"""

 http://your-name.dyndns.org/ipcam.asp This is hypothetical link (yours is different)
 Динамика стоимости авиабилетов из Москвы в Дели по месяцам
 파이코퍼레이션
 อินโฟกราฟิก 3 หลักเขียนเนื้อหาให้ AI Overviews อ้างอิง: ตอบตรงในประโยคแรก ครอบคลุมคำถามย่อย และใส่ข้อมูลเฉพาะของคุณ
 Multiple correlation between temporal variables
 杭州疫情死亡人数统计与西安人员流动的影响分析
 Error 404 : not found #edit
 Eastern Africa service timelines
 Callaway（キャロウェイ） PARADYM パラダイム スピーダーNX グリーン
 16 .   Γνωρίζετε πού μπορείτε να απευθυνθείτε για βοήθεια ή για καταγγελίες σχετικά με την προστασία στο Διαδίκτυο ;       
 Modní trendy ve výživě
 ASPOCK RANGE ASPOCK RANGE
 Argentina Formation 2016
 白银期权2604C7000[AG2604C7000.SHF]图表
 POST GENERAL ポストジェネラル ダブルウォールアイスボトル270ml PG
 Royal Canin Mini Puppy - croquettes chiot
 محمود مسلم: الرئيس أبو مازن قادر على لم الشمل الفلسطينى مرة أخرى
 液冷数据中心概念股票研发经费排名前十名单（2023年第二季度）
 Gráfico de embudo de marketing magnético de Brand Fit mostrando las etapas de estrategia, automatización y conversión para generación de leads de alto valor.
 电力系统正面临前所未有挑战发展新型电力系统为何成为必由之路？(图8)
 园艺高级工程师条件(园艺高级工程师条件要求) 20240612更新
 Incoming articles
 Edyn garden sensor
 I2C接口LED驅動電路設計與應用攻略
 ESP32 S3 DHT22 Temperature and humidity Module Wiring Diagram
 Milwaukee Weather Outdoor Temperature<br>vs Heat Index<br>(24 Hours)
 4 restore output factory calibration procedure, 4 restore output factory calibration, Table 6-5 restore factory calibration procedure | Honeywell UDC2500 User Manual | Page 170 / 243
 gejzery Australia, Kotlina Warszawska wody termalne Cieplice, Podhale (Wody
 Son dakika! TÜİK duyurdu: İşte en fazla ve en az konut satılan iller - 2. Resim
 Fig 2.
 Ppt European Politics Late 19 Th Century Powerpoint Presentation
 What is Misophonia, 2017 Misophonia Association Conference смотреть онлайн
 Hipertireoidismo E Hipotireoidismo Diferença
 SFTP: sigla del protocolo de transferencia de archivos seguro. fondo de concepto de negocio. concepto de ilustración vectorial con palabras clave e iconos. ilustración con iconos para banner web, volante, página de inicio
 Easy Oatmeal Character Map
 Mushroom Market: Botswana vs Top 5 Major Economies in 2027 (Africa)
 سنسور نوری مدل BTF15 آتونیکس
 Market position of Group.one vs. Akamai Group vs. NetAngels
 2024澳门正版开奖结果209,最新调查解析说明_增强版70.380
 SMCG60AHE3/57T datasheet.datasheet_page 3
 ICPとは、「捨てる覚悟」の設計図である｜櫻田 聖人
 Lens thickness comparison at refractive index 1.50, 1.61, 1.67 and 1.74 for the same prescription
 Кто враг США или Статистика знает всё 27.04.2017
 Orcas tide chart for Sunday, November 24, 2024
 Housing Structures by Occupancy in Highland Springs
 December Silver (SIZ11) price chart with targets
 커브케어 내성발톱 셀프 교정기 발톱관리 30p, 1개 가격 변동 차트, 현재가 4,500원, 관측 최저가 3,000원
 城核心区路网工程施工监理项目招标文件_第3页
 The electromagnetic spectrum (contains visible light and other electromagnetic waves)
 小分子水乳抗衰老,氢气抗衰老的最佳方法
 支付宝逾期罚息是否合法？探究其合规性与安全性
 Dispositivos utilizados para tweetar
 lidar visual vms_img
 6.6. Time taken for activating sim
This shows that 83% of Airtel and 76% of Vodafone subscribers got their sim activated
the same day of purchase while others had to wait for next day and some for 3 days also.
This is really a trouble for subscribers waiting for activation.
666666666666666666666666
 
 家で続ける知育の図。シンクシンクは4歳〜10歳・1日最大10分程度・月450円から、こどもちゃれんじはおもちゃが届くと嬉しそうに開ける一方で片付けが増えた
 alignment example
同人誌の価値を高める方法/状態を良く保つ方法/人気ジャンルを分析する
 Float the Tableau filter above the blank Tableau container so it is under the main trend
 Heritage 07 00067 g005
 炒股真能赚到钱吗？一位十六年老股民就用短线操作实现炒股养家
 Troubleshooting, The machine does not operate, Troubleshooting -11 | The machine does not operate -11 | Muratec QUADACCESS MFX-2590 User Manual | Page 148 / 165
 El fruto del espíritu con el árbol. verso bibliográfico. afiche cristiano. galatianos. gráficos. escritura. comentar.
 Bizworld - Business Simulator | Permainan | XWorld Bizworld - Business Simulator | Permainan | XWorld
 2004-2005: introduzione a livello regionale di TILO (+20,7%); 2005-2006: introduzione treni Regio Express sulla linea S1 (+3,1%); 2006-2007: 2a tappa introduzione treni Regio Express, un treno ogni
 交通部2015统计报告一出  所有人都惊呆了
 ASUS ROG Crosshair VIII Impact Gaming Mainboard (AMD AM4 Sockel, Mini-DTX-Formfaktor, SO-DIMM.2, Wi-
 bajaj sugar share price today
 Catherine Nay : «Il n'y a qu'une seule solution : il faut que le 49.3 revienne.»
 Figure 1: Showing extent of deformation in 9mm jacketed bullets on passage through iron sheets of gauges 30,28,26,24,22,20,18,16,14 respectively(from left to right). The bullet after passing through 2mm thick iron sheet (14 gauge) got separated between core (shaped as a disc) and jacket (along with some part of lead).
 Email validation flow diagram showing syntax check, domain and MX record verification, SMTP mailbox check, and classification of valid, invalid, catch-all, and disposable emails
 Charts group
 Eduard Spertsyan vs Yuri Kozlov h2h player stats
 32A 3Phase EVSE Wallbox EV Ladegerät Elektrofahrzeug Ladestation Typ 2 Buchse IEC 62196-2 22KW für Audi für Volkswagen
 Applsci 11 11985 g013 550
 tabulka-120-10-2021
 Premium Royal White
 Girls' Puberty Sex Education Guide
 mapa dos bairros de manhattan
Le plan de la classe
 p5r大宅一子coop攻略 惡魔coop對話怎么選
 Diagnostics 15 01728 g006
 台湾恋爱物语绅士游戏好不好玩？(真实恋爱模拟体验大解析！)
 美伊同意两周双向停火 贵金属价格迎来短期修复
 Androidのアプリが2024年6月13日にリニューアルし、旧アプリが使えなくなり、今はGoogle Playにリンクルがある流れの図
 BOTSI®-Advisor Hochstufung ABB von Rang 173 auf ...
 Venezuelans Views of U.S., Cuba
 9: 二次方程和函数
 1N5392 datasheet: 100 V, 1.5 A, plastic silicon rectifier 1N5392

"""

*Your goal:*
Search the data above and return each line in which "Africa" occurs.

*Answer box:*
 Eastern Africa service timelines
 Mushroom Market: Botswana vs Top 5 Major Economies in 2027 (Africa)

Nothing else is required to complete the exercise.